Her actions heralded the earliest indication of the COVID-19 outbreak in China, which has now spread to over 218 countries and killed nearly 1.8 million people globally.
Zhan’s sentence, which opens fresh concerns about press freedom, has been viewed as an attempt by Chinese authorities to repress criticism of the Chinese government’s response to the outbreak.
In a brief hearing in Shanghai’s Pudong New District People’s Court, the former lawyer was, on Monday, charged with “picking quarrels and provoking trouble” after her live reports and articles were spread on social media in February.
Reuters reports that “her short video clips uploaded to YouTube consist of interviews with residents, commentary and footage of a crematorium, train stations, hospitals and the Wuhan Institute of Virology.”
Following her detention seven months ago, the journalist embarked on a hunger strike, in protest of her arrest and indictment, and has been hand-tied and force fed with a feeding tube before appearing in court for her trial looking debilitated in a wheelchair. After the verdict was announced, Zhang’s mother sobbed loudly in court.
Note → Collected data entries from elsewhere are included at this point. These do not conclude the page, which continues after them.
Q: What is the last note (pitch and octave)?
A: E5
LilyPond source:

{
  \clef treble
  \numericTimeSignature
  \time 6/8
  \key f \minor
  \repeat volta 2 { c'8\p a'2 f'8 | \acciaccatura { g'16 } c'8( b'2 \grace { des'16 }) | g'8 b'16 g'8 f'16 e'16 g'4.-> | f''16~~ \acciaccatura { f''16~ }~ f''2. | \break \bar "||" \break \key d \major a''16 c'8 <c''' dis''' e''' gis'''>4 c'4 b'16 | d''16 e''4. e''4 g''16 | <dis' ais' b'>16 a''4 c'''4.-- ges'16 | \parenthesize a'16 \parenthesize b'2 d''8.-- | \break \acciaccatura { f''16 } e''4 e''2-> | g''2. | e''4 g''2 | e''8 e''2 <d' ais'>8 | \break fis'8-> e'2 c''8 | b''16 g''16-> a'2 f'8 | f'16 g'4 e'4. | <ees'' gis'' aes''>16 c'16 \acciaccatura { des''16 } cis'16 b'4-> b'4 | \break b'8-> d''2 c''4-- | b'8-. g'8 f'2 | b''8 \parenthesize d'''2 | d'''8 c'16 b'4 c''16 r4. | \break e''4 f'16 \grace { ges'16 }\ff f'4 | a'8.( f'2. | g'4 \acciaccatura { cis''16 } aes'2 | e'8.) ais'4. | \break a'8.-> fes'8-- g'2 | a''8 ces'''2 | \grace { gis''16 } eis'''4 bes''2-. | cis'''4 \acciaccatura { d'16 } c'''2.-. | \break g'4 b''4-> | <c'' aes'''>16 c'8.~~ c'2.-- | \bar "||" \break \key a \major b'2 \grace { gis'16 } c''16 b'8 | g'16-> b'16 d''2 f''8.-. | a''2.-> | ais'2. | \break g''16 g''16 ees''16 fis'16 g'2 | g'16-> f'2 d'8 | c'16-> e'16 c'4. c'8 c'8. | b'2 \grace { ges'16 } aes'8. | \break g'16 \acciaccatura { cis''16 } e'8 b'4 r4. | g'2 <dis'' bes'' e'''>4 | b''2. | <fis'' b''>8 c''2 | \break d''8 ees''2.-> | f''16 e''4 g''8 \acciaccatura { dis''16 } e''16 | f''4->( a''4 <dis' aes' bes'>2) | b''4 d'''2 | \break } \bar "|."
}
Outside the Shanghai Pudong court, heavy security presence was seen, as Police tried to block journalists from advancing, then eventually sealing off most of the road opposite where Zhang was on trial – Laurie Chen, a China and Mongolia correspondent wrote on Twitter.
Away from the grim image painted by Zhan’s reports, China’s communist authorities have crafted an official narrative, a polar opposite from the independent reports, and are clamping down on citizens or groups that stray from commending President Xi Jinping and the ruling party for their leadership.
China has ‘bounced back’ to business and reopened its economy, after self-evaluating its control of the virus and rebound of its economy as an “extraordinary” success. Outside of China, the virus has stifled businesses, halted social interactions, and crippled economies.
So far, there has been no independent inquiry into the origins of the virus in China or accountability for the damages brought about by its spread due to reckless abandon of authorities, and politicking around a public health crisis with a critical need for information flows.
The British embassy in Beijing has urged China to release all those in detention for their reporting and cites that “Zhang Zhan’s case raises serious concerns about media freedom in China.”
“We raised her case with the authorities throughout 2020 as an example of the excessive clampdown on freedom of expression linked to #COVID19 & continue to call for her release,” Michelle Bachelet from the office of the United Nations High Commissioner for Human Rights wrote in a tweet.
At the moment, China has punished eight virus whistleblowers, with three other citizen journalists, Chen Qiushi, Fang Bin, and Li Zehua in detention and awaiting trial for reporting from Wuhan about the virus.